Впрочем, во всей этой какофонии была и одна радующая нота: стало ясно, что эксперименты на LHC заняли лидирующие позиции в гонке за бозоном Хиггса. Ученые с Тэватрона чувствовали наше дыхание на своих затылках. Данные, которые они представляли в Гренобле, год спустя после шокировавшего нас выступления в Париже, больше не были такими же интересными. Все знали, что если LHC не сбавит темп, Тэватрон соревнование проиграет.

После нашего выступления в Гренобле, вызвавшего взрыв энтузиазма, миновало всего несколько недель, когда все вдруг вмиг успокоилось. Сначала на ATLAS обнаружили небольшую ошибку в своем анализе: во время подготовки доклада на конференции один из источников фонового шума был сильно недооценен. При повторном проведении вычислений выяснилось, что избыток событий, вызвавший столько разговоров, стал значительно менее очевиден. При дальнейшем исследовании новых данных все и вовсе вернулось к нормальности. LHC продолжал работать полным ходом, и в последующие недели избыток событий при 140 ГэВ ослаб в обоих экспериментах до почти полного исчезновения.

Когда мы встретились в августе в Мумбае на Лептон-фотонной конференции[40] (в сезон проливных дождей, принесенных индийскими муссонами), оба эксперимента только и смогли, что меланхолически констатировать: избыток событий на малых массах, так всех впечатливший всего месяц назад, вместо того чтобы становиться заметнее и заметнее, утратил всякую значимость. Депрессивные муссоны смыли последние остатки энтузиазма. Наши эмоции еще раз прокатились на американских горках, но нам было не привыкать.

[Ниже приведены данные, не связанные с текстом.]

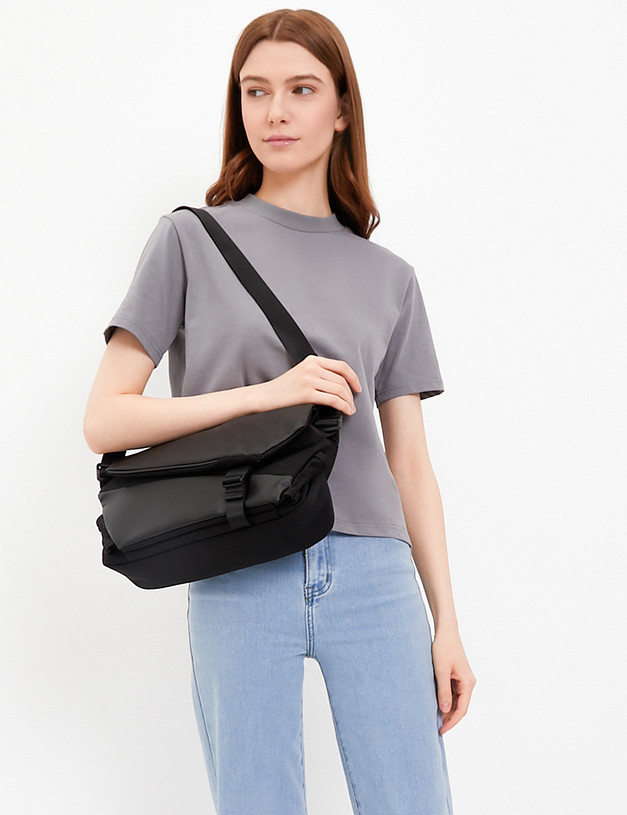 Черная сумка через плечо MASCOTTE 649-4120-202 | ракурс 1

Как часто случается при переходе от энтузиазма к разочарованию, теперь превалировал пессимизм. Мы готовились к худшему: LHC ничего нам не даст, бозон Хиггса не существует. Почти все были уверены, что наши старания ни к чему не приведут. Мы окажемся очередными в длинном списке экспериментов, поставленных теми, кто напрасно рассчитывал бесстрашно взлететь к небесам. Рассуждения же вроде: “Доказать, что бозон Хиггса не существует, – это тоже важное научное открытие” – не слишком большое утешение. Хотя в физике, разумеется, очень важны и отрицательные результаты, доказывающие ложность той или иной теории. Не найти предсказанную теорией частицу – это не провал; напротив: ненахождение частицы налагает дополнительные ограничения на все известные модели, означает исключительно важный шаг познания, переключает внимание на пока еще не фальсифицированные теории или побуждает создавать новые.

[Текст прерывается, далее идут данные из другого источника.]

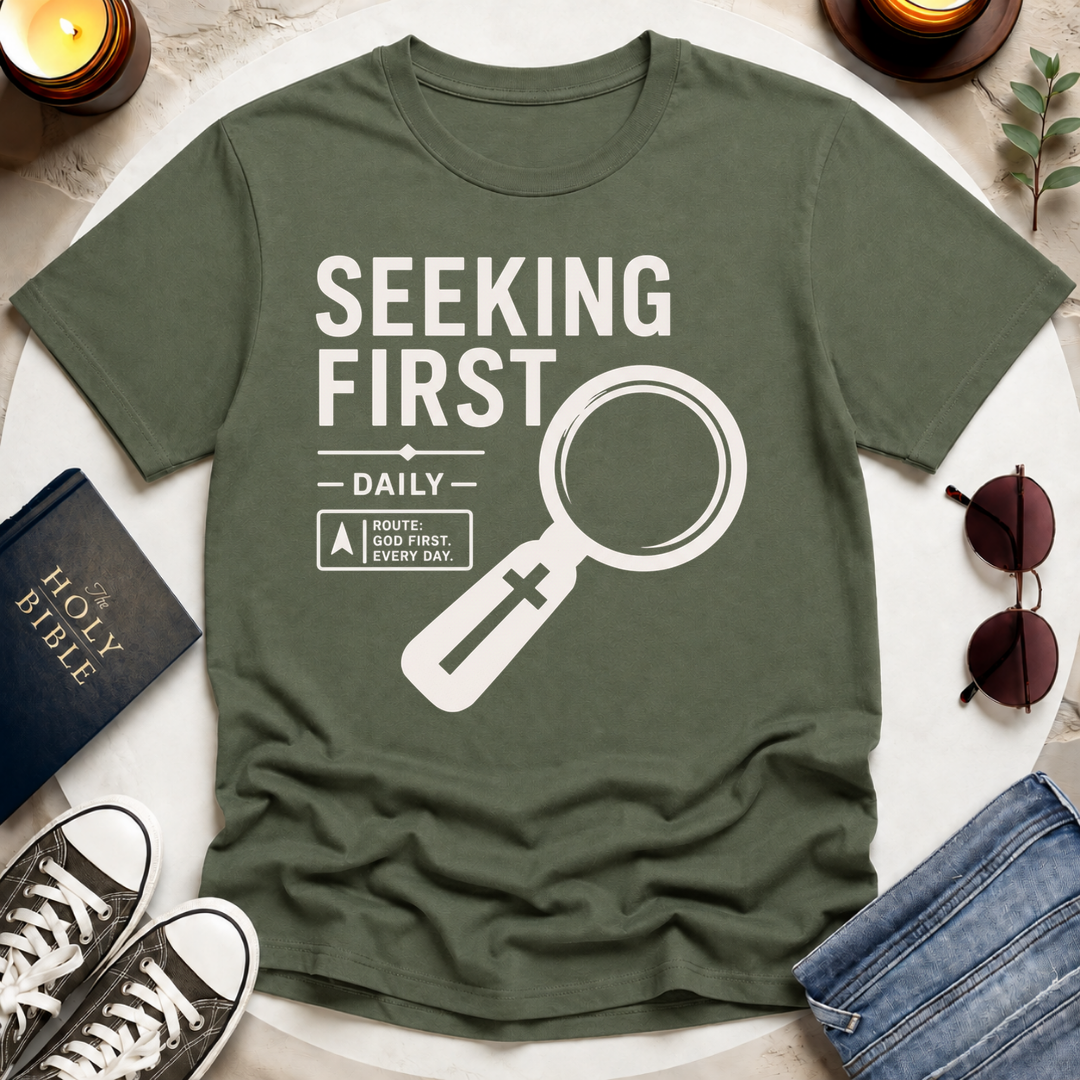 SEEKING FIRST T-Shirt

К сожалению, каждый из нас понимал, что для LHC такой исход повлек бы очень серьезные последствия. Неудивительно, что Совет ЦЕРН сразу распорядился создать небольшую рабочую группу по выработке документа, объясняющего, насколько важно в научном плане исключение бозона Хиггса. И 16 сентября появился первый проект этого документа со странным заголовком “Научная значимость исключения бозона Хиггса в диапазоне масс между 114 и 600 ГэВ и наилучшие способы оповещения об этом”. В частности, нас очень озадачивала его вторая часть. Очевидно, Совет опасался, что могут возникнуть политические трения, которые вынудят некоторые страны в будущем уклоняться от амбициозных проектов, связанных с ускорителем. Или, хуже того, что какие‑то из двадцати стран, входящих в ЦЕРН, сократят свой ежегодный взнос на поддержку этой организации, лавинообразно увлекая за собой и других. Никакие красивые декларации не могли скрыть тот факт, что в годы экономического кризиса и всевозможных оптимизаций расходов, затронувших многие администрации, эта самая фиксированная сумма ежегодных платежей в швейцарских франках не то чтобы на ура воспринималась и некоторыми правительствами, и европейским общественным мнением.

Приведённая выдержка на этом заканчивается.